Hob just levels them a flat, unimpressed look.
“Oh fine,” Desire says, throwing up their hands. They flip around on the sofa, irritable, laying on it head down with their long, long legs propped against the wall under the window, crossed at the ankle. “Spoilsport.”
“Thank you.” Hob turns his attention to the other twin. “And how are you, darling Despair?”
“Wonderful,” she effuses with a sated sigh. “I love hospitals.”
Hob grins at her. Some people might be put off by another’s joy in people’s misery, but that’s literally who Despair is. The sun rises in the east, water is wet, and Despair of the Endless revels in suffering. He’s just happy she’s happy.
“Your lovely hair,” Despair moans theatrically, brushing her hand through the ends of it visible on the side of his head. “You must be sad.”
“Of course. But it’ll grow back,” Hob assures her. He tries to reach up to tug on his ear, the little tick that has given away his embarrassment since he was a wee boy, and his mam caught him in a lie, but the motion pulls on the bandages on his shoulder, and he drops his hand to the bed instead.
“Of course it will,” Desire adds, grinning with their tongue between their teeth. “Handsome Hobsie.”
The urge to tug his ear grows stronger. "Where's Delirium?"
"She had her turn to sit with you while you slept through the drug-haze," Despair says. 
"She's out pestering the nurses right now," Desire adds, gesturing at the door as if whatever Del was up to was simply childish nonsense, not worth remarking on. "Confusing them into allowing you a discharge tomorrow.

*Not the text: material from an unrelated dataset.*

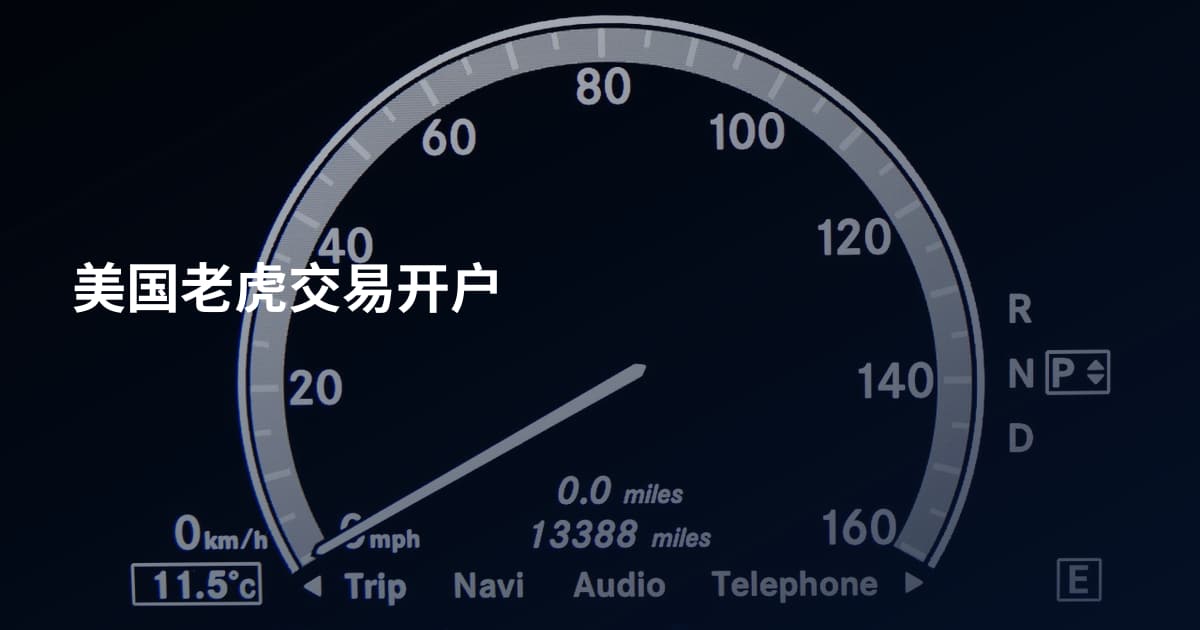 美国老虎交易开户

After that, the files will simply vanish."
"The head nurse will berate herself for weeks," Despair adds with relish.
"That's… really thoughtful," Hob offers with a blink. "Thanks, guys."
"It's almost as if we love you, little brother," Desire drawls, stretching and rising to their feet, amused by the way Hob's gaze latches onto the bulge in their anatomically-impossibly-tight trousers, which of course they had done on purpose to fluster him.
"Destruction will pick you up tomorrow afternoon," Despair says, rising as well and setting the chair in just the right place to trip anyone coming into the room. "Oh! Morph should learn to drive."
"Oh, no, he absolutely should not," Hob rejoinders. "Not if he doesn't want to end up in one of these beds himself."
"But he'd be so bad at it," Despair points out, full of hope.
#
Morph returns with two cups of truly wretched tea, and informs Hob that Del’s pulled some unseen strings to get him released into Morph’s care. Apparently she’s convinced the hospital that Hob is being moved to a posh, ultra-private clinic under specialist supervision.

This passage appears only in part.